Re: How's the integration of DWARF support coming along?

2014-08-13 Thread Peter Wortmann

Johan Tibell wrote:
Do you mind expanding on what tick scopes are. It sounds scarily like something 
that happens at runtime. :)

It’s a pretty basic problem - for Core we can always walk the tree upwards to 
find some source ticks that might be useful. Cmm on the other hand is flat: 
Given one block without any annotations on its own, there is no robust way we 
could look around for debugging information.

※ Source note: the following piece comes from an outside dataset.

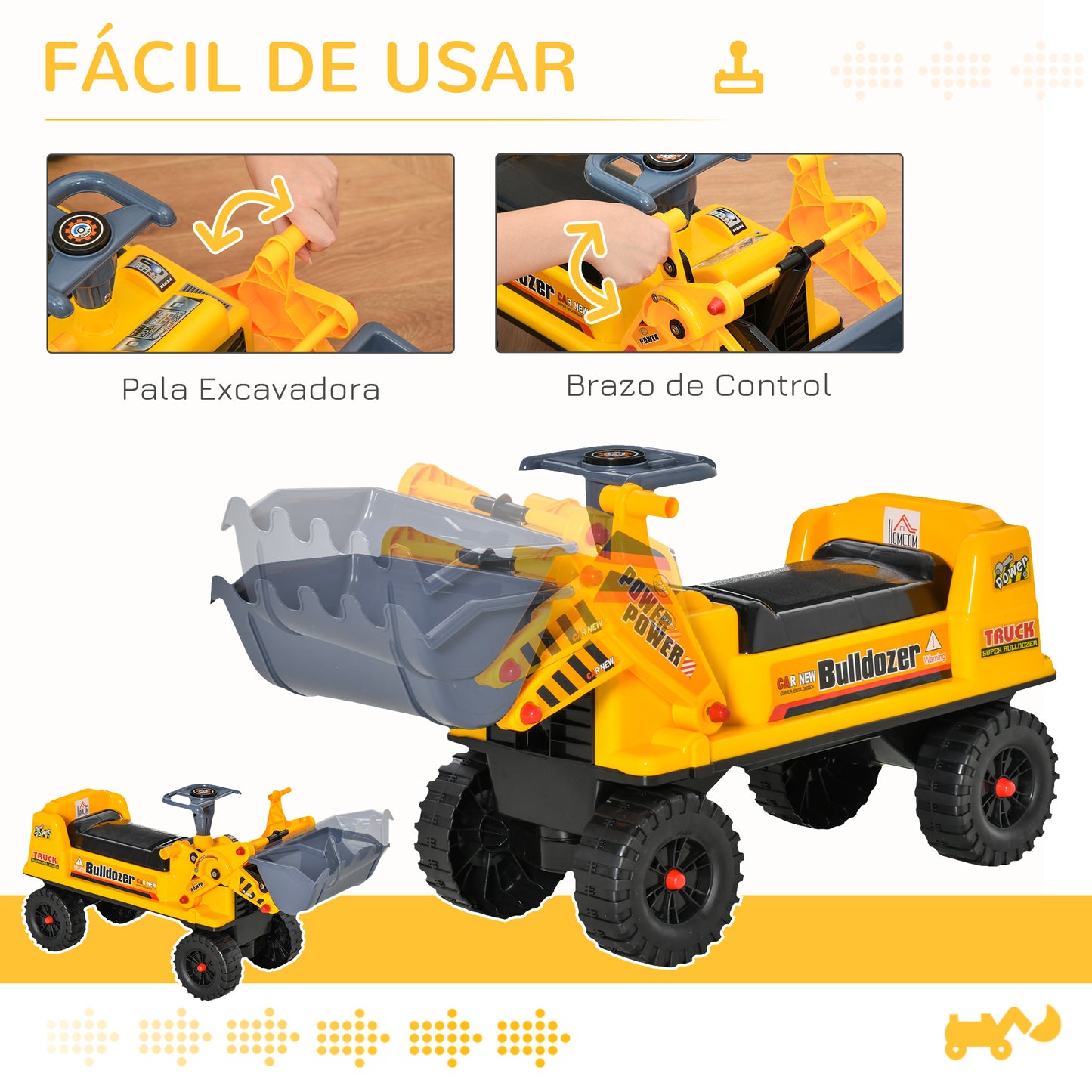 HOMCOM Camion Correpasillos Tractor sin Pedales para Niños de 2-3 Años con Pala Excavadora Espacio de Almacenaje Oculto y Bocina 70x26x37 cm Amarillo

This is especially tricky because Cmm stages want to be able to liberally add 
or remove blocks. So let’s say we have an extra GC block added: Which source 
location should we see as associated with it? And if two blocks are combined 
using common block elimination: What is now the best source location? And how 
do we express all this in a way that won’t make code generation more 
complicated? The latter is an important consideration, because code generation 
is very irregular in how it treats code - often alternating between 
accumulating it in a monad and passing it around by hand.

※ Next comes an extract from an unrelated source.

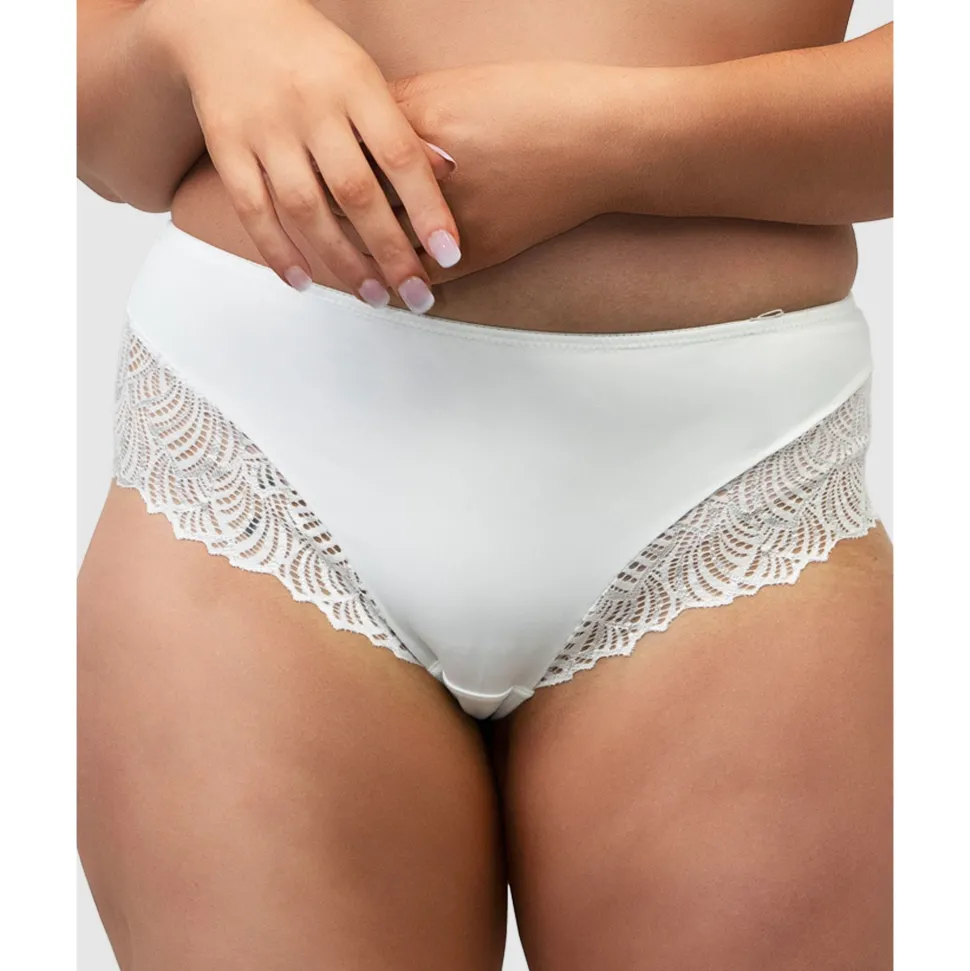 Buy The Friday Sustainable Lace Trim Brief-Ecru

I have found it quite tricky to find a good solution in this design space - the 
current idea is that we associate every piece of generated Cmm with a “tick 
scope”, which decides how far a tick will “apply”. So for example a GC block 
would be generated using the same tick scope as the function’s entry block, and 
therefore will get all ticks associated with the function’s top level, which is 
probably the best choice. On the other hand, for merging blocks we can 
“combine” the scopes in a way that guarantees that we find (at least) the same 
ticks as before, therefore losing no information.

And yes, this design could be simplified somewhat for pure DWARF generation. 
After all, for that particular purpose every tick scope will just boil down to 
a single source location anyway. So we could simply replace scopes with the 
source link right away. But I think it would come down to about the same code 
complexity, plus having a robust structure around makes it easier to carry 
along extra information such as unwind information, extra source ticks or the 
generating Core.

Greetings,
  Peter

On Wed, Aug 13, 2014 at 8:49 PM, Peter Wortmann 
sc...@leeds.ac.ukmailto:sc...@leeds.ac.uk wrote:


At this point I have a bit more time on my hands again (modulo post-thesis 
vacations), but we are basically still in “review hell”.

I think “just” for perf_events support we’d need the following patches[1]:
1. Source notes (Core support)
2. Source notes (CorePrep  Stg support)
3. Source notes (Cmm support)
4. Tick scopes
5. Debug data extraction (NCG support)
6. Generate .loc/.file directives

We have a basic “okay” from the Simons up to number 2 (conditional on better 
documentation). Number 4 sticks out because Simon Marlow wanted to have a 
closer look at it - this is basically about how to maintain source ticks in a 
robust fashion on the Cmm level (see also section 5.5 of my thesis[2]).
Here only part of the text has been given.